Дальше вразнобой говорят подошедшие.
– Передрались между собой, гнилые головешки, вот и весь сказ!
– Рассорились, кому первыми истлевать, кому вторыми!
– Да что же проку было им гнать тех монахов, святош с крестами?
– А кому охота вдобавок к своему подхватить и чужой недуг? Ведь монахи носили между ними заразу.
– Да ведь не одну только заразу они носили. Сновали вверх-вниз, как муравьи, то в город, то в гору, покрывали всякую нужду гнилых…
– Все равно один им конец, этим пугалам. Что так, что этак. Чего между ними разбирать?
– Вот и отец наш Андроник так рассудил. Махнул на них рукой да и удалился с горы.
– Грехи свои в нашем храме замаливать. Грешник великий.
– А по мне, грешный священник лучше праведного. Я такому больше своих грехов открою.
– Да кому они нужны, твои грехи, чучело? Эка невидаль! Уж и так по колено в них бредем. Чего в них копаться, в грехах!
– Да уж, ты верно сказал, по колено! Потому-то мы, грешники, ходим прямо, помним свой сан человеческий. Стоит встать на карачки, вмиг в своей же грязи захлебнешься, и душа вон.

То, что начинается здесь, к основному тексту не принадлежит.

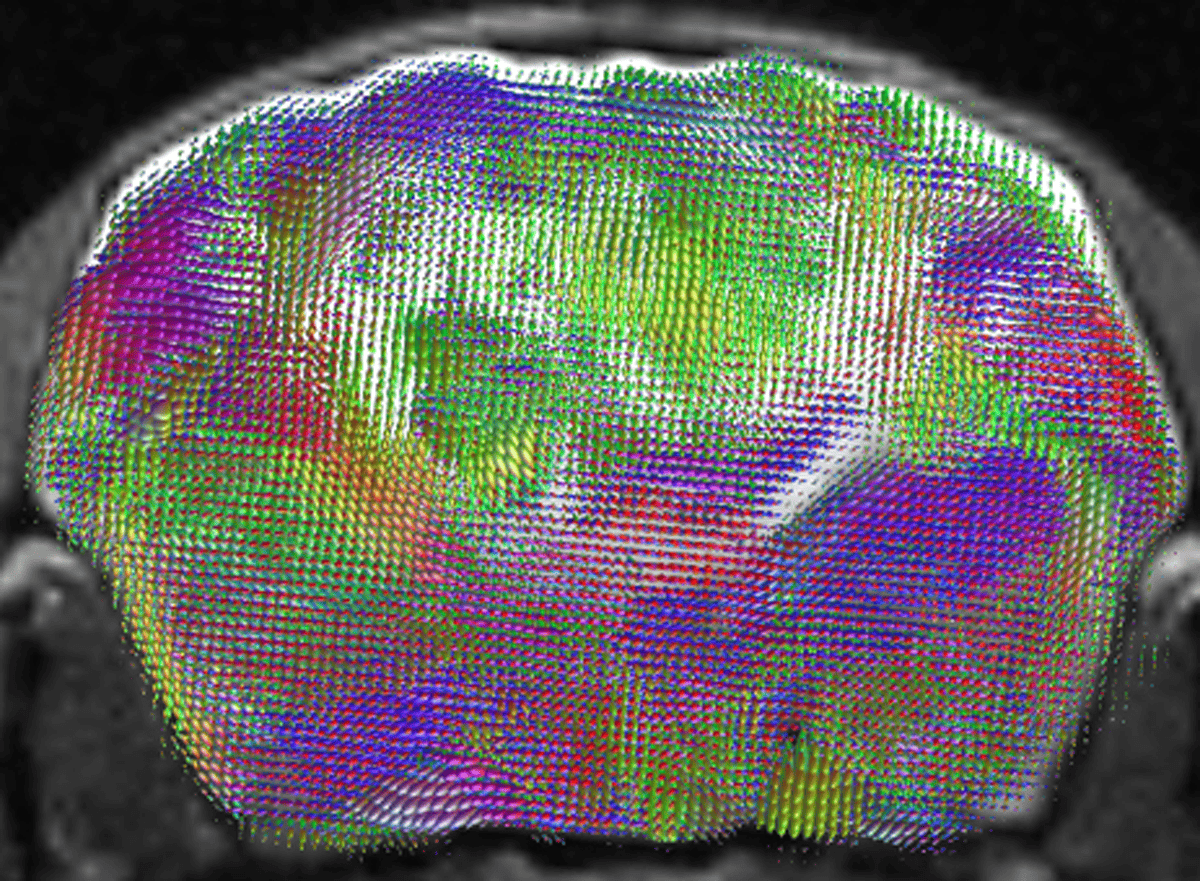 MRI scan of an estimated map of nerve-fiber pathways.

– Все люди во грехах ходят.
– А вот не все! Про святого Каламария слыхали?
– Кто не слыхал!
– (Алексей.) Я здесь чужой, расскажи.
– Был такой среди бескостных. Вожак у них, святой человек. Или, по другому сказать, святая медуза. За ним водится три чуда. Вот как бескостных-то этих с горы прогнали, так кто остался в живых, все вокруг него, словно овцы вокруг пастуха, и сгрудились. А у него, может, одна только голова от всего тела и осталась. Сыроделы по злобе перекрыли ручей, текущий по склону, и святой Каламарий научил своих овечек молиться Богу и питаться утренней росой. Друг с другом они не сообщались, каждый спасался в своей ямке, а Каламарий так и вовсе зарылся в землю под огромный раскаленный валун. Мертвая тишина стояла над тем каменистым склоном, и только по ночам ветер будил и тревожил сыроделов, донося до них снизу грозные звуки песнопений, что, как пар, поднимались над землей. Сорок дней и ночей бескостные молитвами святого не терпели ни голода, ни жажды и так дожили до того дня, когда у сыроделов лопнуло терпение. И то было первое чудо святого Каламария. На сорок первый день разъяренные сыроделы, подобно шипящему кипятку, ринулись вниз по склону и, миновав заброшенную обитель монахов, ворвались… да некуда им было врываться, ведь жалкое поселение бескостных не имело вокруг себя даже подобия ограды. Тогда прокаженные здоровяки отвалили камень, под которым хоронился святой Каламарий, выковыряли его из ямы и запихнули в грубый мешок. Тот мешок они с хохотом поволокли по острым камням, колотя по нему палками почем зря, и под конец сбросили в глубокий колодец. Когда же к вечеру они толпой прибрели назад в свое обиталище, чтобы как следует подкрепиться после совершённого подвига, то увидели Каламария, возлежащего прямо посередке их длинного стола. Святой чудесным образом спасся, сожрал все их припасы и теперь отдыхал после сытного обеда, ведь он был утомлен не меньше своих истязателей. Ни вода, ни палки его не одолели. И таково второе чудо святого Каламария.
Общий хохот.
– Не смогли они извести святого старца! Не взяли в толк, дурни, что медузы в воде не тонут!
– Эх ты, осел! Да не будь он святым молитвенником, они бы его мигом в труху истолкли.
– Вот тебе и безгрешный обжора!
– Так и что же, что обжора. Есть всем тварям надобно.